園部氏は50代に差しかかる同世代に、これから資産形成を始めても遅くないと伝えるため、書籍『50歳・資金ゼロから始める老後を幸せにする資産運用』を執筆。今回は本書から特別に、50歳から資産を増やすための知っておきたい公的年金の仕組みや具体的な投資手法をお届けします。(全4回の2回目)

●第1回:「結局、年金はもらえるの?」現役世代1.4人で1人の高齢者を支える2050年日本の未来図

※本稿は、園部鷹博著『50歳・資金ゼロから始める老後を幸せにする資産運用』(ビジネス社)の一部を抜粋・再編集したものです。

まず70歳まで働く意思を持つ

50代でまったく金融資産を持っていない人は、意外といらっしゃいます。ここで問題にしているのはあくまでも「金融資産」です。
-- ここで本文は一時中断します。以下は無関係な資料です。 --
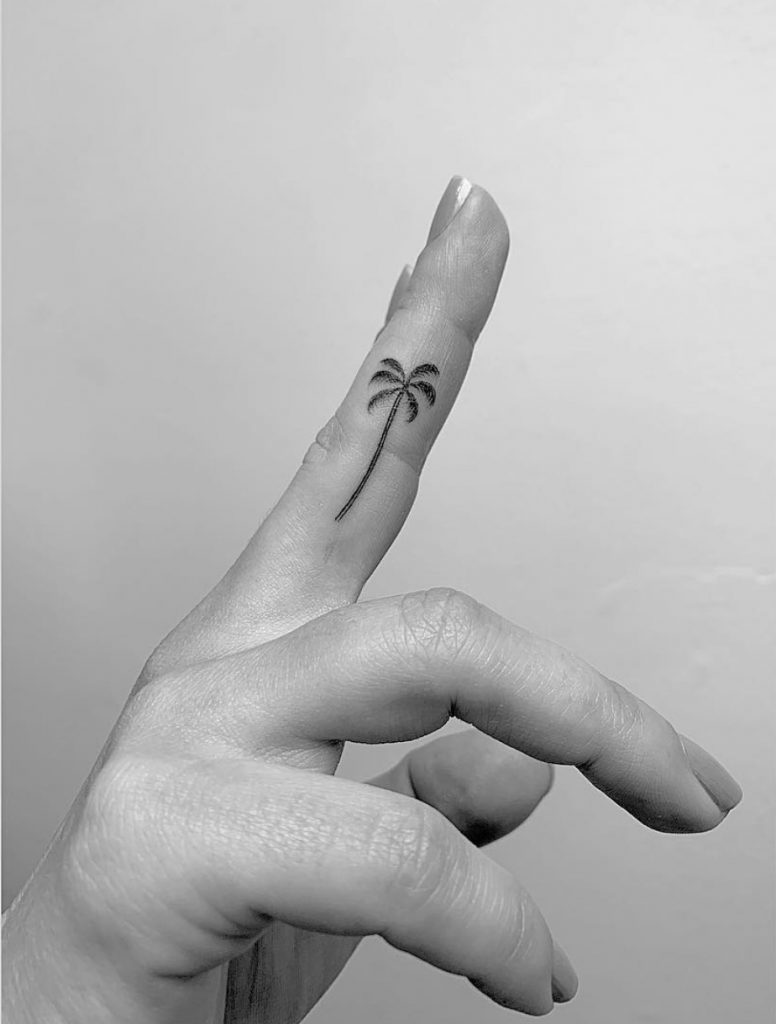 Tiny Finger Tattoos That Define Perfection Tattooblend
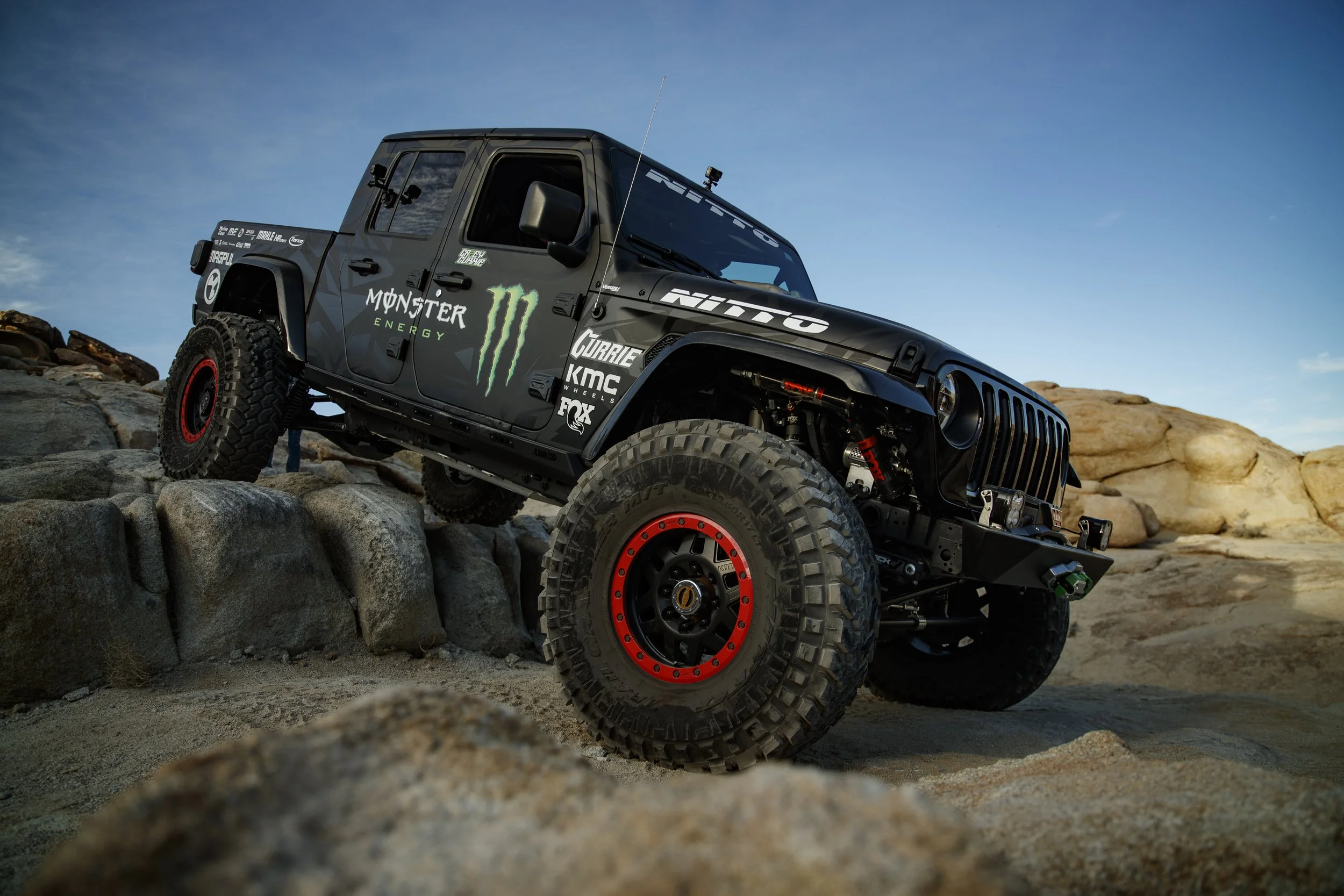6_8_CaseyCurrie_25Hour_BigBear_NoCrop_037.jpg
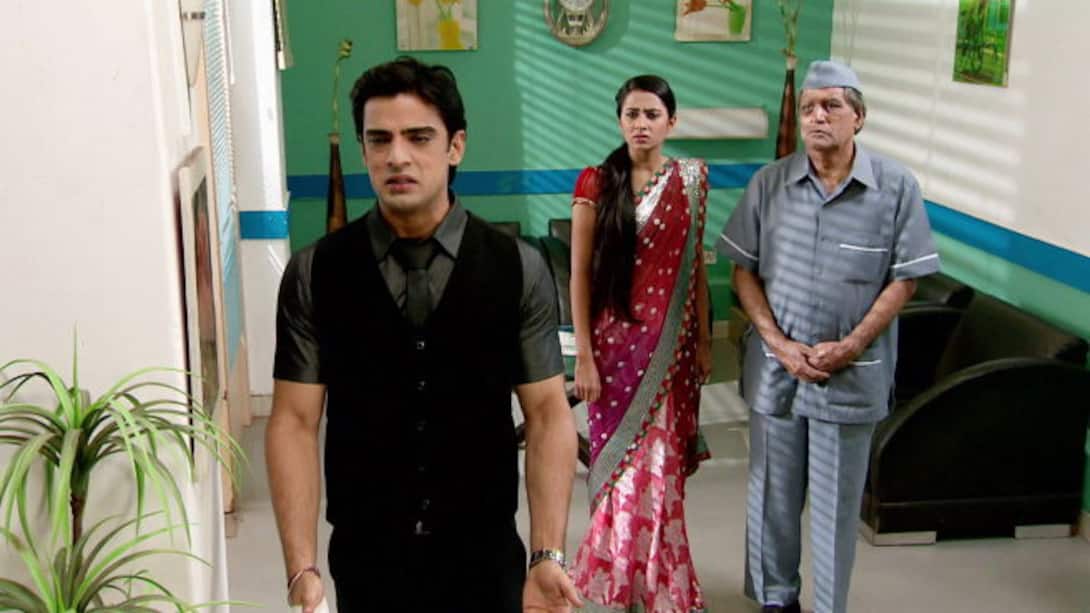 Dr. Amit confronts Priya's father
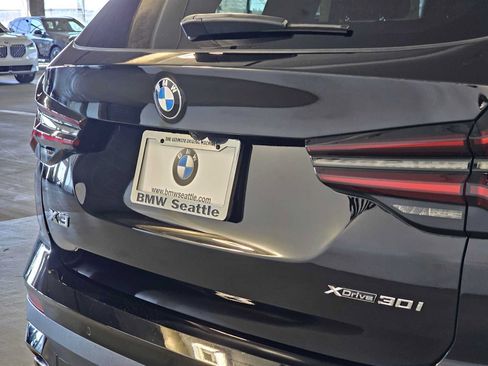 Used 2023 BMW X3 xDrive30i w/ Premium Package AWD/4WD image 7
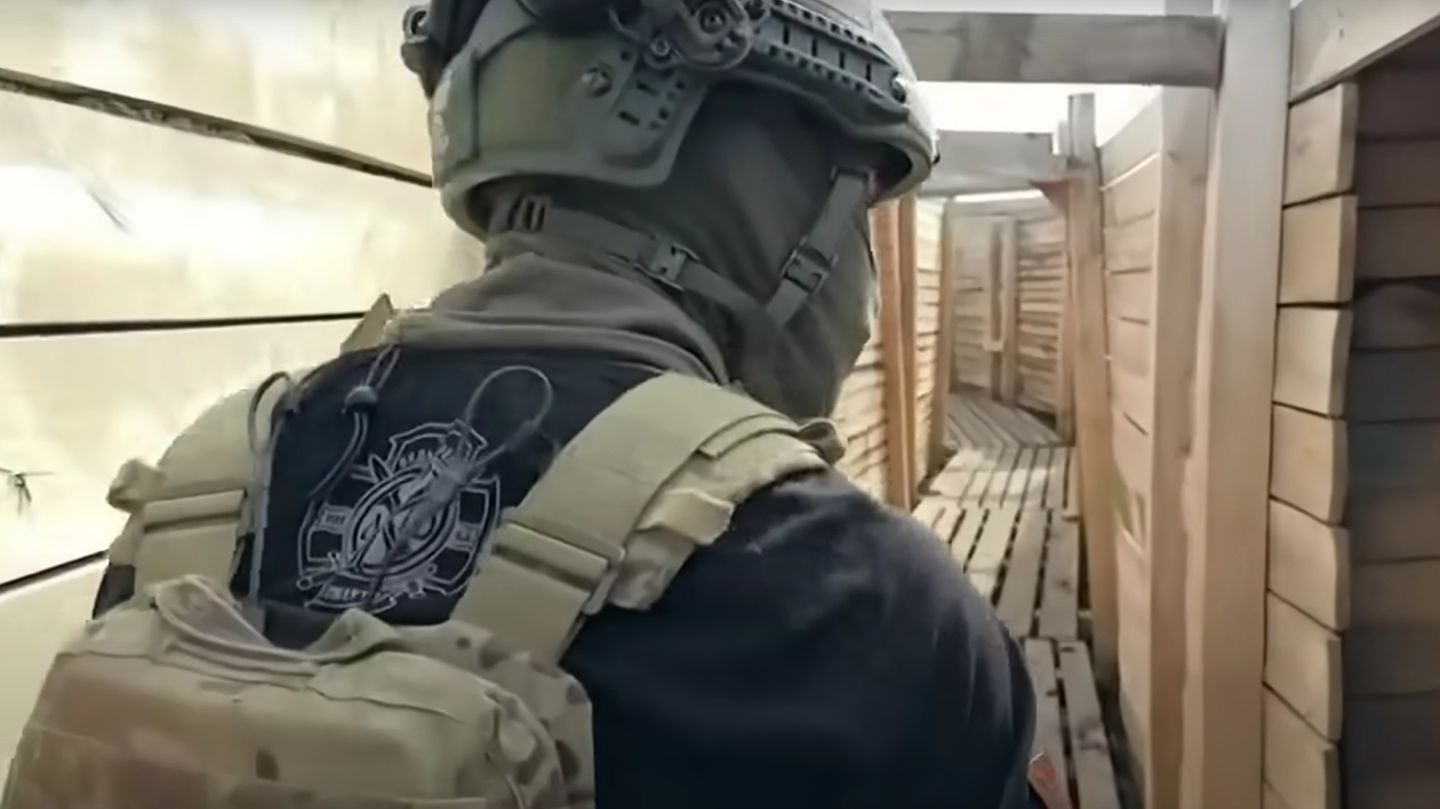 Krieg in der Ukraine: Putins Festung – französisches TV-Team darf erstmals eine russische Stellung filmen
預貯金などの金融資産が1円もないという人でも、ひょっとしたら持家をはじめとする不動産などの実物資産を持っているケースがある点は含んでおいてください。

では金融資産をまったく保有していない世帯は、どのくらいあるものなのでしょうか。

数字は、金融広報中央委員会が毎年公表している「家計の金融行動に関する世論調査(出典:家計の金融行動に関する世論調査〈令和5年、金融広報中央委員会〉)」からのものです。

2人以上世帯における世帯主の年代別に、金融資産を保有していないと回答した人たちの比率は次のようになります。

•20歳代        36.9%
•30歳代        28.4%
•40歳代        26.8%
•50歳代        27.4%
•60歳代        21.0%
•70歳代        19.2%

20歳代の資産ゼロ回答が高いのは仕方がないところでしょう。お給料もそれほど高くないし、でもまだ遊びたい盛りだし。

この数字は2人以上世帯ですから、結婚している世帯主の家庭が対象になっています。30歳代以上になれば、そろそろ子供をつくろうという話も出てきて備えが必要になりますから、相応に金融資産を持つ世帯の割合が高まっていきます。そのため金融資産を保有していない世帯の割合は、30歳代、40歳代と低下していきます。それなのに、なぜか50歳代になると金融資産を保有していない世帯の割合が上昇します。

50歳代で金融資産を保有していない世帯の割合が27.4%もあるのは、それはそれで問題でしょう。そして本書は、まさにこういう人がターゲットでもあります。

50歳代で金融資産がまったくない、あるいは持っていたとしても極めて少額という人はどうすればいいのでしょうか。

その対策の第一歩は、できるだけ長く働くことです。